At about the same time that my faculty colleagues and I were having this most recent discussion of the writing issue, a visiting lawyer-relative bemoaned the lack of writing skills in many of her lawyer colleagues, young and old. She wondered: How did they get through law school without learning some basic writing skills?

How does anyone get through any high school or college without learning basic writing skills? Clearly some people do just that.

In our graduate students, my colleagues and I see no difference in the writing skills of graduates of elite liberal arts colleges vs. large universities, public or private. We encounter excellent writers from small colleges and from large state universities, and we encounter abysmal writers from small colleges and from large state universities.

From what I've seen over the years, the problem of writing-challenged students is not confined to science vs. non-science majors or to university vs. small college students.

This is not a rant about lousy writers. This is a blog post that wonders what to do about lousy writers. Who can help them? And how?

The answer to the question about how people with > 16 years of education can have such a problem writing is surely because writing is so difficult for some people, even when they have been given much advice and have had years of opportunities for practice and improvement.

Note: I am not talking about writer's block or other emotional issues about writing, although such problems may be connected in some way to writing ability. I am speaking here of the ability to construct a clear and logical document.

Some people, with practice and advice, learn to improve their writing skills, but is it possible that some cannot? And if so, what can we do for them?

For a couple of my graduating graduate students with particularly severe problems writing, after years of efforts by all concerned, I have had no further advice for them on the topic of how they can improve their writing skills. Instead, my departing advice to them was that they collaborate with people who can write well. In a research team, each person can bring a strength to the group effort; those who can write can help those who can't write (but who can add something else that is important to the research project).
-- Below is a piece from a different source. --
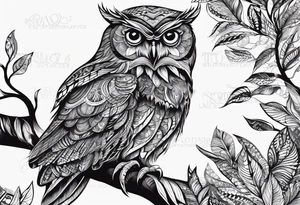 “A wise owl perched on a branch, with large, expressive eyes and intricate feather patterns, representing wisdom tattoo idea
I am certainly not saying that if my students haven't learned to write with my help, they'll never learn, but of course I am not the only source of writing advice for my students. They have numerous opportunities for writing documents of various length and purpose (term papers, exams, conference abstracts, proposals, thesis chapters) before and during their grad school experience, and they get feedback from many people (fellow students, writing tutors, advisers, other professors) during revisions of drafts. Nevertheless, despite all this input, improvements for some are minor to non-existent.

Of course it would be best if every science PhD could write well on their own, but if someone hasn't been able to do this by the time they get to their dissertation, and only get through the dissertation writing with great pain and a lot of help, what are the chances they will ever write well?

Can we conclude that further improvements in these cases are unlikely, or am I being too pessimistic and not realizing that perhaps all the writing advice over the years may have been insufficient and/or of the wrong sort?

If we can give up on a writing-challenged person's potential for improvement, the options are for them to seek a non-writing kind of career or to find alternative ways of succeeding in an academic career in science despite this handicap (e.g., seeking collaborators with writing skills). I don't know how often the latter arrangement works, but I do know that such situations exist.